On the other side of the island ten days later I had a similar experience. Oamaru had one wide main street running dead straight for about two kilometres flanked by nondescript shops and motels hired in from "allthesameland". I was devastated; I had booked us here for two nights and what had been hyped as New Zealand's largest intact Victorian Precinct looked as if it had the potential to flip me into an instant and deep state of depression. My spirits, buoyed by three weeks of New Zealand delights, were going to be tested.
Hokitika and Oamaru shared a similar history though divided by an inpenetrable set of glacial ranges.
In both cases I was guilty of being victim to my instant emotional responses, first impressionism. If they were people I had met for the first time I was making a judgement based on the shallowest of evidence. One meeting, no conversation and on a day when we were both a little tired. My response: Boring, gormless, stupid, a waste of space; Don't want to get to know you; I'll be gone in the morning. I counsel my children on the need to give people a little space. Spend some time with them, let their personality and values emerge. I had committed this very offence.
Hokitika was born of gold fever, Oamaru of a massivly fertile hinterland suitable for grain and sheep production. Each town, ,being completely in love with itself, built a series of public buildings of beauty and grandeur. Hokitika was a little less ambitious than its sister and was satisfied with a couple of buildings in the British public building style constructed from local granite. The rest of the town consisted largely of buildings in local timber and being a gold mining community they concentrated on building pubs - 102 in fact, 84 of them in a mile long street serving a thirsty population of five thousand. And then the gold ran out.
In Oamaru the bounty seemed endless. Grain and sheep don't deplete themselves so the investors were confident of their future. In addition, the nearby cliffs contained readily available building material and so to display confidence in their wealth they built an impressive precinct of beautiful classical sandstone buildings.

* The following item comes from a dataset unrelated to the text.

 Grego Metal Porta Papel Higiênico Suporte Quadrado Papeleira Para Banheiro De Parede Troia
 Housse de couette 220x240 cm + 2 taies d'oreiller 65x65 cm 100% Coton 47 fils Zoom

Here's a list of the highlights. Remember this is 1870/80 in the back blocks of an emerging colonial country: a five story administrative centre, a giant two story grain warehouse, three two story bank buildings fronted by soaring Greek columns, a massive wool store and to top it all off, an opera house with seating for five hundred. And then came the 1890 downturn in grain prices and the emergence of deeper draft steam ships as the preferred mode of transport. Almost overnight the shallow harbour was abandoned and the export trade deserted Oamaru; the town, in an attempt to block out the pain turned its back on the sandstone precinct and moved its centre half a kilometre north and survived as a secondary regional centre humbled by its experience. The buildings cover two town blocks and due to neglect and their sturdy construction are largely intact. All these first impressions took a mere two hours in each place.
The next day dawned fine in each town and having committed to two nights in Oamaru I decided to give the place a second chance. Surely there must be more than a deep sense of decay here. Hokitika was only two hours drive from our next destination so with some trepidation we checked out of our motel and set off to walk the town and visit the intruiging and self proclaimed blockbuster 'White Bait Exhibition'.
I am pleased to report that in both cases my first impressions were confounded. The secret in Hokitika was the people and the Whitebait. The people, because the locals loved the place and had a strong sense of purpose and confidence in their future. After gold came jade and the town now sports more jade outlets than Beijing. We met a woman who runs a shop called 'sock world'.
She has collected and restored a collection of 100 year old sock making machines and when we were there she had her local mechanic tweaking a tension-screw here and giving a gentle oiling to ancient parts there, and she was happy as a pig in mud. 'Do you make many sales?' I asked knowing the answer was going to be 'no, its a hobby'. I was wrong. She ships socks all over New Zealand and sells them at $35 a pair. 'And people buy them?' 'Too right'.
Another couple, she a born and bred local, he, a blow-in artist, gold miner and whitebaiter had bought one of the pubs and lived and worked in it complete with the original 1880 counter and strong room. They're survivors, digging, panning, whitebaiting in between commissions for his quite sophisticated copper art.
And the whitebait? That's a whole story in itself but, as with gold it's a boom and bust business. Once there was a lot of fish and everyone wanted a piece of the action and pretty quickly they fished out the original northern alpine rivers. So they moved on to the next river and so on. Luckily the southern rivers were so remote that before the hunters could ruin the whole industry the government had begun to regulate things. An example: these days you have to buy a licence; you can only fish by hand - scoop nets of a regulated size and you can't be more than 10 metres from your net at any time. Also outlawed are the building of groynes out into the river to force the fish into the nets. They only run each year for a short time and it's on for young and old. Its not a season without a few fights over bank space. Its an obsession for the committed. And an identity for Hokitika.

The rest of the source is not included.